The DOD is on track to implement DCFSA for eligible service members beginning January 1, 2024. Those who would like to participate can sign up during the annual Federal Benefits Open Season, which runs from mid-November to mid-December.
Jennifer Walker, the executive director for the Dependent Care Flexible Spending Account initiative, said as many as 400,000 service members have eligible dependents and will be eligible to take advantage of the benefits provided by the DCFSA program.
“That includes families who have children who are under the age of 13 or who have a spouse or other tax dependent, regardless of age, who is mentally or physically incapable of self-care,” she said.
The program is part of a larger DOD effort to take better care of military service members and their families. In March, the department released the “Strengthening Our Support to Service Members and Their Families” memorandum, which, among other important initiatives, discussed making DCFSAs available to service members.
That memorandum was signed by Secretary of Defense Lloyd J. Austin III, who said taking care of service members and their families through efforts such as DCFSA is a top priority for the department.
“In recent years, our military community has weathered a number of challenges, but our people have risen to every mission and done it all with extraordinary resilience,” Austin wrote in the March 2023 memorandum.
“But it is the department’s ongoing moral duty to spare our outstanding people stress and struggle on the home front where we can and to show our service members and civilian employees how much they mean to us with tangible support that makes a genuine difference in their lives,” he wrote “The department has, therefore, relentlessly focused on improving quality of life, and I am very proud of what we’ve achieved so far.”

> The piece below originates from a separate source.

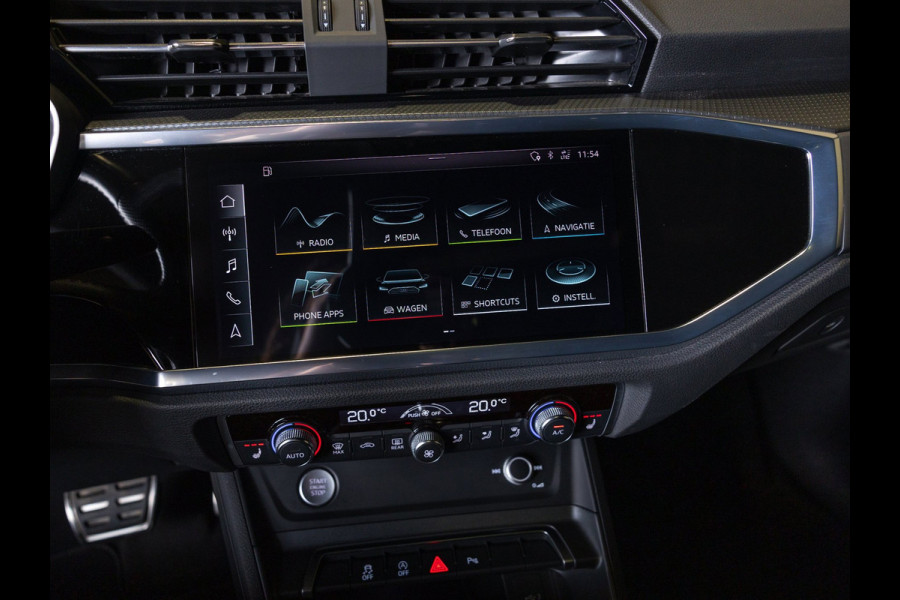 Audi Q3 35 TFSI 2x S-Line edition / 150pk / Panorama dak / Keyless / Stoelverwarming /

The DCFSA, like other pretax flexible savings accounts, is a “use or lose” benefit.
According to the DOD’s Office of Financial Readiness, the DCFSA plan year mirrors the tax year, Jan. 1 through Dec. 31. After the plan year ends on Dec. 31, enrollees in a DCFSA have until March 15 of the following year to incur eligible expenses. Claims for expenses incurred must be submitted by April 30, the deadline for submitting claims from the previous plan year. Any funds remaining in the account after April 30 of the following year are forfeited.
Military personnel interested in taking advantage of the DCFSA are advised to first talk with a personal financial counselor or tax professional before signing up to participate in the program.